Ao mesmo tempo em que foram realizadas as apreensões no RN, a quadrilha também operou nos estados do Pará (onde drogas era enxertadas em cargas de madeira), Ceará, Salvador e São Paulo, com interceptações de cargas nos países europeus de destino, como Bélgica, França e Holanda.
Rota internacional
Após as primeiras apreensões de drogas no Porto de Natal aconteceram em 2019. Na ocasião, a Polícia Federal confirmou que a capital potiguar estava na rota do tráfico internacional de drogas.
À época, inclusive, a PF confirmou que já sabia da existência do transporte de drogas pelo ar – caso em que o entorpecente é levado na bagagem ou preso ao corpo de passageiros de aviões. O trajeto marítimo, no entanto, foi considerado novidade, de acordo com Delegacia Regional de Investigação e Combate ao Crime Organizado da PF no RN.
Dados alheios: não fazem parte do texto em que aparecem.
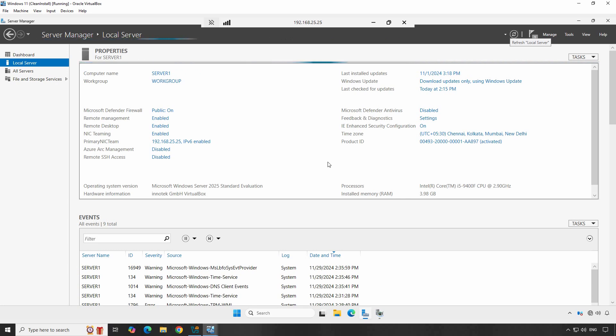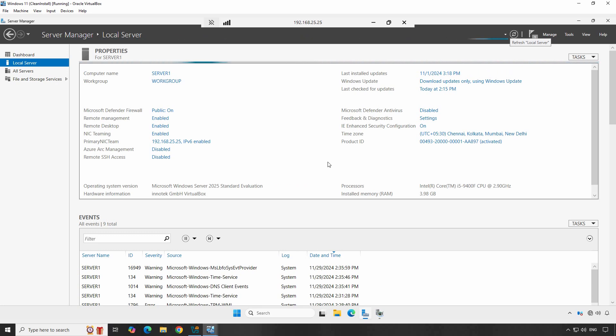And that's it. You have successfully enabled Remote Desktop on your Windows Server 2025 and connected to it from your Windows 11 client machine. Remote Desktop is an essential tool for managing your servers remotely, saving you time and providing flexibility.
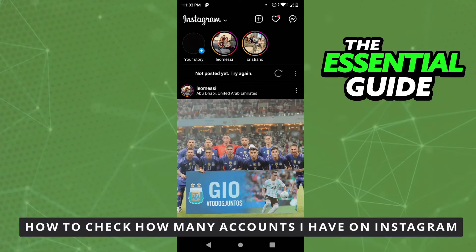Hello everybody, how's it going? Today I am going to teach you how to check how many accounts you have on Instagram.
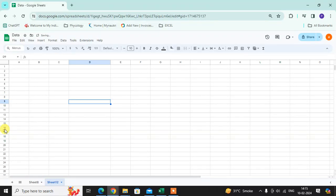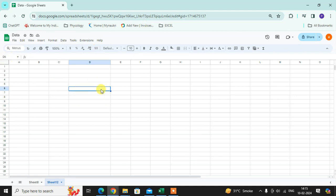In this video we will learn how to add date and time in Google Sheets. So let's start. This is my Google Sheet. I want to add date and time here.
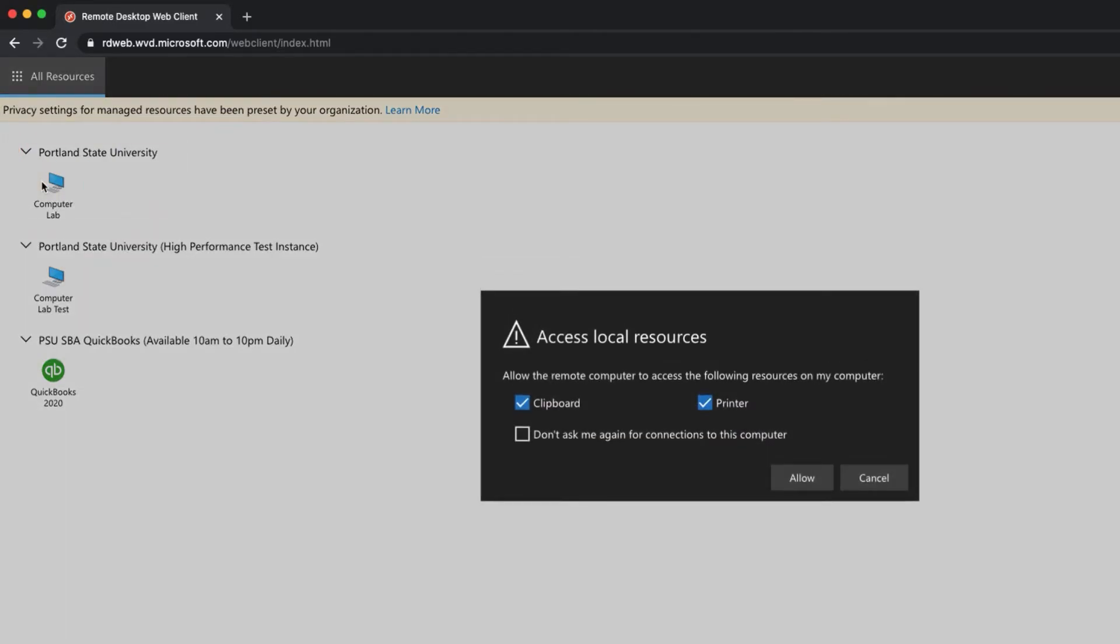The first prompt you'll see will ask what resources you'd like available while accessing the vlab. We suggest leaving the default options checked, marking the Don't Ask Me Again checkbox, and clicking Allow to continue.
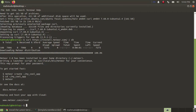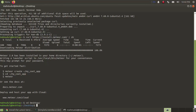Now we are going to create a Meteor app on the desktop. Navigate to the desktop and create a Meteor app using this command: meteor create, then the application name — in my case, 'my-app' — then use the --blaze template flag, and hit enter.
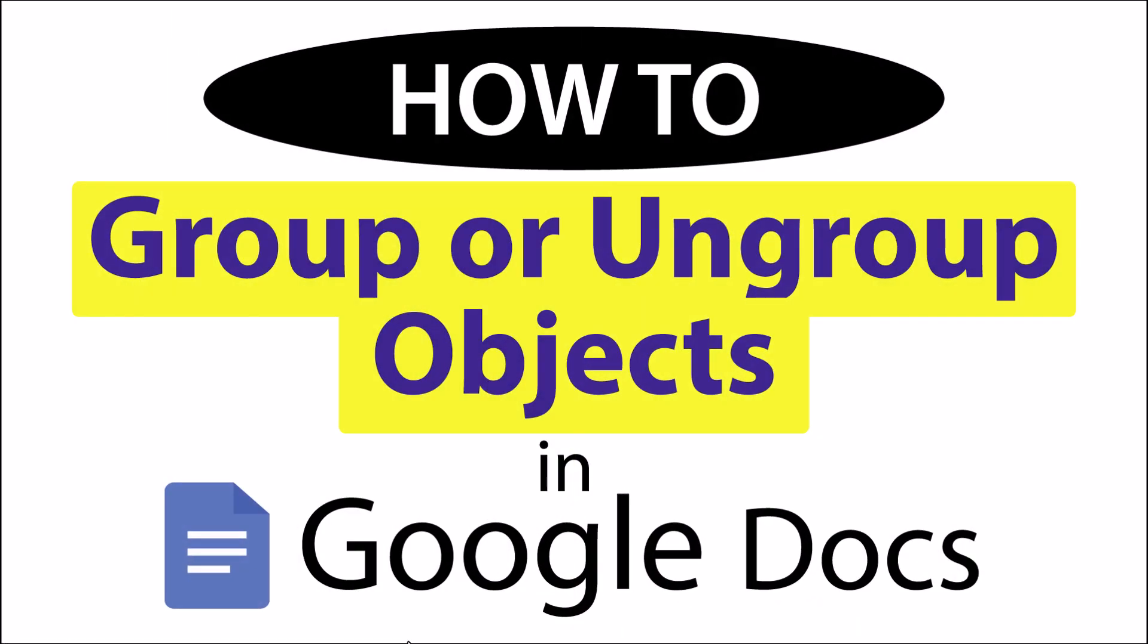This is going to be a video tutorial on how to group or ungroup objects in Google Docs. I will be using a desktop PC for this. Let me jump over to my browser.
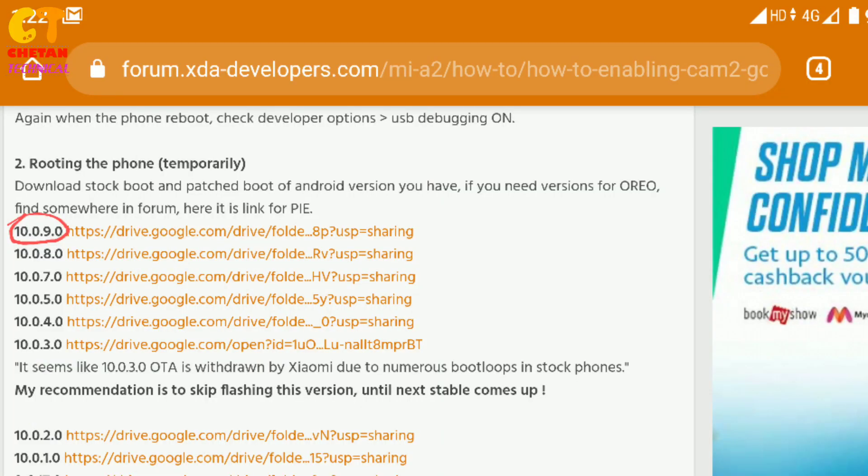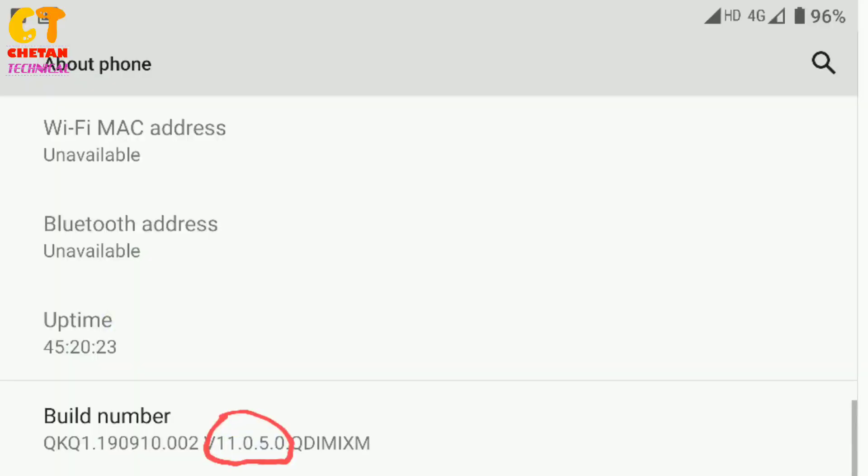On the XDA website, the build number is 10.9 — it is only the boot image file. But my latest build number is 11.05, so the boot image file for that is not uploaded to the XDA website yet, so I can't download it.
Duas grandes apreensões foram feitas em fevereiro de 2019, as primeiras da história do Porto de Natal, aberto em 1932. Nunca uma operação policial havia descoberto drogas no terminal.
Ainda segundo a PF, o tráfico marítimo entre Natal e a Europa ocorria sempre de forma semelhante. Primeiro, a cocaína era embalada em tabletes. Depois, tudo é escondido em meio a carregamentos de frutas — que são exportadas dentro de contêineres — que por sua vez atravessam o Oceano Atlântico em navios cargueiros.
Além de desembarcarem em Amsterdã ou Roterdã, muitas vezes os contêineres também eram descarregados no Porto de Antuérpia, na Bélgica. Neste último, em 2018, a polícia local chegou a apreender 50 toneladas de drogas. Ainda não se sabe se esta droga em particular partiu da capital potiguar.